The Nativity story? Read lpetrich's posts above, for starters.
I added to my post while you were posting, apparently. See above, or just respond to this point:
Koy said:
ETA: I mean, "how so" in regard to people who were eyewitnesses standing up and saying, "That didn't happen that way" and there was a change to the story accordingly.
Your objection seems to be that no one would tell a story that has false details (such as requiring citizens to return to their birth homes in order to take a census), because someone in the audience might be old enough to remember whether or not that actually happened.
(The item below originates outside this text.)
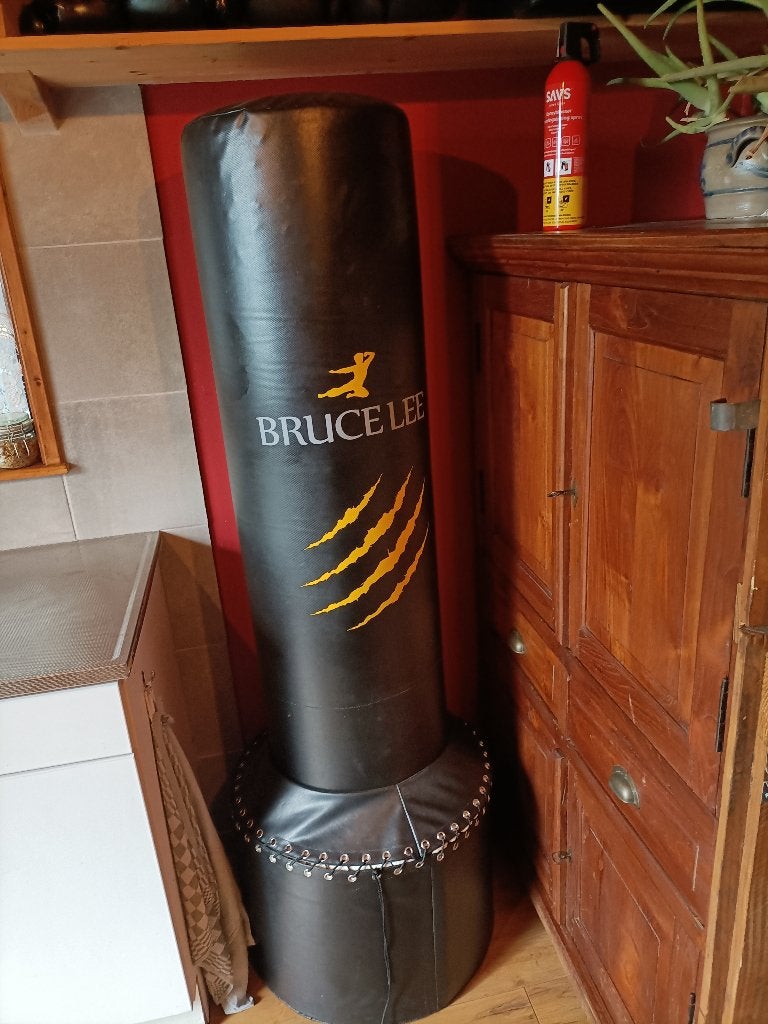 Bokspaal Bruce lee, Ophalen, Zo goed als nieuw, Bokszak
What difference would that make?
The story we do have (in Mark) does exactly that by including, for example, a "tradition" of Pilate committing open treason against Rome--right in front of his own troops no less--all because he wants to please the very people he's there to subjugate. That did not--nor could not--have ever happened and that fact would be well known to people whether they lived through it or not, yet that blatant lie evidently made no difference. It's
still in the book after all.
Likewise the whole idea of the central character rising from the dead. Evidently there was an entire community--of adherents, no less--that did not believe Jesus rose from the dead, so much so in fact that the leader of their church felt he needed to write a stern rebuke insisting that if they did not believe such a thing, then there was no church! That it ALL hinges on believing that he did, in fact, resurrect from the dead.
And, again, that's still in the book, in spite of the fact that there were evidently MANY people that supposedly lived within, what, twenty-five years of the alleged event (from the time Paul supposedly wrote that letter), who did not believe that part of the story they were told and must have spoken up in large enough numbers to provoke Paul's rebuke at the very least.